Cait came home on Thursday complaining of her MacBook freezing immediately after startup, beach-balling and being otherwise unresponsive. When DiskWarrior said it couldn't write its replacement directory due to a hardware failure, I figured it was time to replace the drive.
(Side note: the drive that was in there was barely a year old. Blargh.)
I swapped the new drive in without issue. (I've learned how not to fry a logic board with a drive update, but only through trial and error.) Then came time to restore the hard drive to its last state.
Maybe it was being conservative, or maybe I really wanted to try out Time Machine, but I decided to restore from the backup rather than try to clone the failing drive directly.
The restore USB key I had made prior to this process couldn't actually boot the MacBook (it was Mountain Lion, which doesn't support “Early 2008” MacBooks) but I was able to dig out my old Snow Leopard DVD to do the Time Machine restore. I hooked the MacBook up with an Ethernet cable for maximum speed, and started the restore.
“Maximum speed,” it turns out, clocked in at a bit over 27 hours to copy 380GB. That's kind of a lot, more than 4 minutes per GB.
The worst of it, however, came later, when the new machine was ready to do its Time Machine backup for the first time. Rather than realize that it had been cloned from an existing backup, it tried to do everything over from scratch.
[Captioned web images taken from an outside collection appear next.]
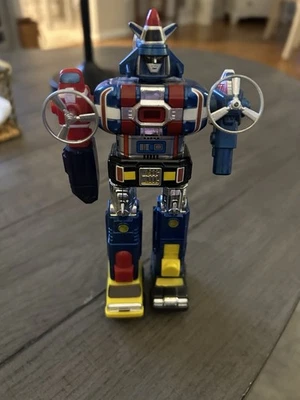 "Figura de robot transformador Voltron Dairugger GB-73 1982 6"" Japón Die-Cast Bandai" Foto 1 de 2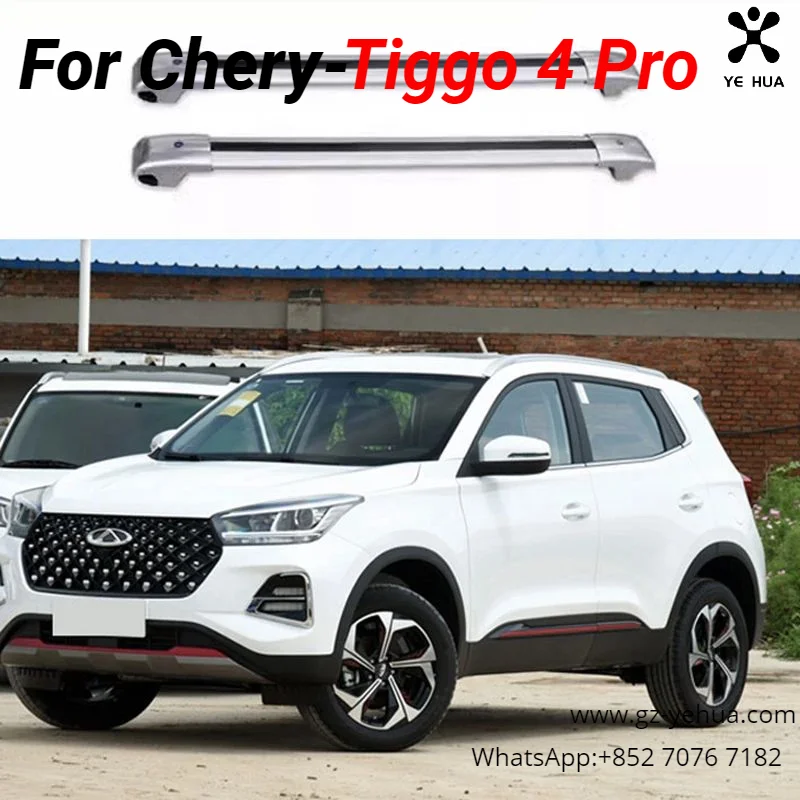 For Chery Tiggo 4 Pro 2020 2023 Luggage Rack Crossbar Roof Luggage Rack Modified Automobiles Parts Accesorios Para Auto Tools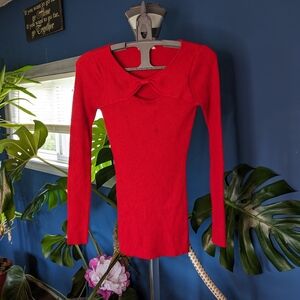 Candies Red Medium Sweater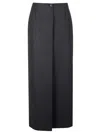 Givenchy Black Wool Blend Skirt In Black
In order to do this, I had to delete the existing sparse image backup for this computer to make room. Thankfully I found a “trick” to do this via the command line, as deleting it via the Finder would have taken many many hours on its own.
Unfortunately I came across hacks to change the disk UUID associated with a Time Machine backup too late to use them. (The disk image had already been rendered invalid due to a partial deletion.)
So, back to Ethernet to ship more bytes. Uploading 380GB to the Time Capsule didn't take quite as long, only 15 hours or so. In theory Cait could have used her laptop during this time if she was able to stay in Ethernet range, but that wasn't really feasible.
All in all, between waiting for the new drive to arrive from Amazon and the two Time Machine delays, her laptop was out of commission for three days straight.
I'm starting to plan for retiring the Time Capsule's role as a backup server. Its health is too opaque, and these delays are barely tolerable (good thing it was the weekend, good thing Cait could borrow my laptop, good thing we were able to rescue files she could work on off the old drive).
Instead, I'm going to get an external dive, possibly a mirrored RAID setup, and connect that to the Time Capsule. That would give more space flexibility, and also allow me to directly use USB for restores and initial backups, rather than go through file sharing over Ethernet.